Another irritation was the long waiting times. I could tout Julia’s speed all day long, but from the students’ point of view, there were long waiting times to get started. The Time To The First Plot is a well-known annoyance. Because I was updating and tweaking the course repo before every class, students had to update the STMO package and needed to wait before it was recompiled. Since most of the exercises were didactic toy examples, the difference in running time between Python (e.g., milliseconds) and Julia (e.g., microseconds) are often unnoticeable. The projects were more computationally demanding, so there were luckily moments when the language could shine.

Opportunities for Julia

I tried to avoid going too deep into the type system as this is already an advanced concept. However, I can see great potential in using the type system and dispatch for creating an ontology of the algorithms and problems. We could define DescentMethod as an abstract type with, for example, GradientDescent as a concrete type. One thing I tried is giving ‘computational definitions’ for certain concepts, in contrast to mathematical ones. For example, graphs are defined as:

EdgeList{T} = Array{Tuple{T,T},1}
WeightedEdgeList{R,T} = Array{Tuple{R,T,T},1}
Vertices{T} = Array{T,1}
AdjList{R,T} = Dict{T,Array{Tuple{R,T},1}}

which the different representations precisely!

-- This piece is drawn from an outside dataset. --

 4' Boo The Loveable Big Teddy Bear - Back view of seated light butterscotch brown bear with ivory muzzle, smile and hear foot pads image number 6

Another thing I want to explore further is macros. Last year, I did not feel confident enough to rely on them. They seem to be promising to add to the functionality to, for example, track convergence of optimization algorithms. I should also make more use of the PlotRecipes library to create custom plotting functions. Intuitively, students seem to follow the idea of metaprogramming, so I would be nice to explore this more.

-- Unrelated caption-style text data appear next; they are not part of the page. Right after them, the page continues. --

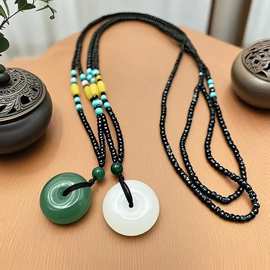 热销款仿绿松石配平安扣项链多彩玉石毛衣链挂件景区庙会直播爆款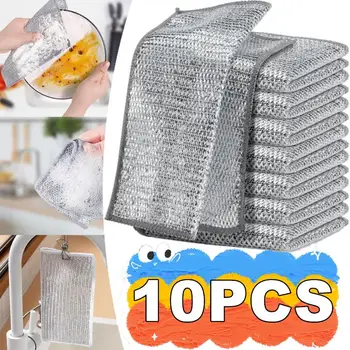 10-1pc Panno di Pulizia Magico Addensato Double-sided Filo di Acciaio Metallico Stracci Cucina Piatto Pentola Panni per il Lavaggio Asciugamano Strumenti Puliti 1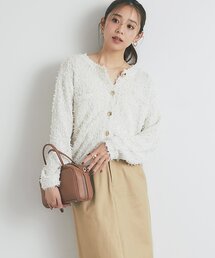 un dix cors（アンディコール）の「《抜け感のあるコーデに◎》ラメチュールテープヤーン金釦カーデ（カーディガン/ボレロ）」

Finally, Julia can be used to explore the low-level details of code execution, up to the hardware level. We could elaborate somewhat on this, including how to run specific optimization algorithms on GPU.

Threats for Julia

In the context of teaching, a justified remark would be if it is advisable to learn a new language for a single course. One can undoubtedly motivate the language for numerical computing, but its future position in other domains remains uncertain. Will it grow in machine learning? Julia has potential for bioinformatics applications but will it gain prominence there? Will Julia grow beyond academia? And can we not do all this stuff in Python using Numba/Pytorch/JAX (for the record, I don’t think so)? Known issues such as the language not being perceived as stable or many packages with a low bus factor might also demotivate.

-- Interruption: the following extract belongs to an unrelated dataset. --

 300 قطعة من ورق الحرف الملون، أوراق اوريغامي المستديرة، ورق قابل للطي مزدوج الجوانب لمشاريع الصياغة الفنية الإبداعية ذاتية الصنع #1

All in all, I am happy with the transition to Julia for my course. I found it smoother than expected, but this might also because I am a bit more experienced than when I made the course material in Python. The language is well-suited to teach mathematics and lends itself well for diving deeper in real-world applications. Students found the language an added value, though it was not always evident to become proficient at it.